Такой стыд я не смогла бы вынести.

Комментарий специалистов:

Разговор о сексуальном насилии может быть чрезвычайно тяжелым, унизительным и стыдным, потому что жертва, во-первых, не хочет слышать о том, что является жертвой, а во-вторых, жертва как правило чувствует свою ответственность за акт насилия. Именно поэтому жертва не говорит о случившемся и закрывается, рискуя остаться один на один с психотравмой, с которой, возможно, она никогда не сумеет справиться – ей просто не хватит психоэмоциональных ресурсов.

Мы призываем жертв насилия и читателей, столкнувшихся с травматичным опытом, как можно скорее и как можно откровеннее обсудить это с доверенным лицом. Специалист никогда не будет стыдить, никогда не осудит и не станет задавать вопросы, которые приведут к дополнительной травме или поспособствуют замыканию в себе.

Кира находится в терапии, но не может выдержать слезы Аманды – естественную человеческую реакцию. Кира сердится и отказывается от возможности говорить о случившемся в безопасной среде.
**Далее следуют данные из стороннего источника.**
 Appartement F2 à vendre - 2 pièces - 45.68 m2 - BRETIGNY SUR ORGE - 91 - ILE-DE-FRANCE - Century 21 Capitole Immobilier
Злость на слезы сочувствия на самом деле является страхом перед лицом реальности. Страхом, вызванным собственными сильными чувствами, в том числе злостью.

Сон о необходимости анестезии

– Я нахожусь в больнице потому, что чувствую боль в кишках из-за стеклянного стержня, который там застрял и продолжает дробиться и рвать мою плоть. Врачи меня усыпили, но я все равно испытываю нестерпимую боль. Рядом со мной все время стоит анестезиолог, который снова и снова даёт мне наркоз. После очередного пробуждения он вводит огромную дозу лекарства, и я наконец засыпаю.
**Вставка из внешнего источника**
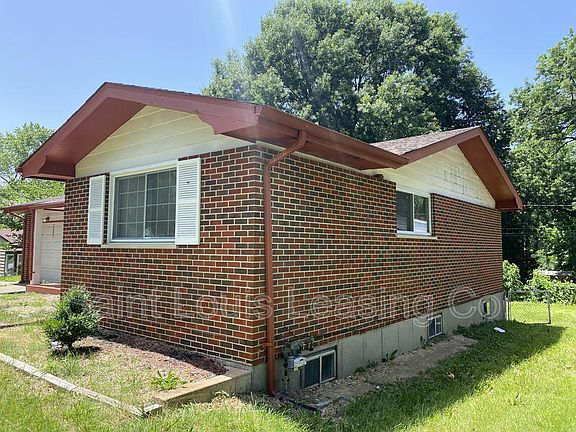 3rd image of 10223 Toelle Ln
Проснувшись, я долго и мучительно старалась преодолеть невыносимую тревогу, фрагменты сна о невыносимой боли и об отчаянных попытках врачей ее унять периодически всплывали в моем мозгу, терзая меня вопросом «Что все это значит?» Я лежала в постели подавленная и обессиленная. Как только я закрывала глаза, меня что-то ломало и разрывало с треском. Я не могла это остановить…

Вечером меня охватил ужас, смятение, стыд, чувство вины и отвращение к себе.

Я поняла, что меня изнасиловали.

Я была сама себе противна.

Я начала истерично рыдать и кричать, глядя в зеркало: «Ты отвратительна, ты позволила себя изнасиловать! Ты всегда позволяла себя использовать!»

Я хотела плакать и кричать долго, но уже через несколько мгновений слезы иссякли. Мне надо было с кем-нибудь поделиться, чтобы вытащить из себя то, что во мне лопнуло и стало вытекать наружу как вонючий гной, но я не могла: не могла говорить, не могла кричать, не могла больше плакать.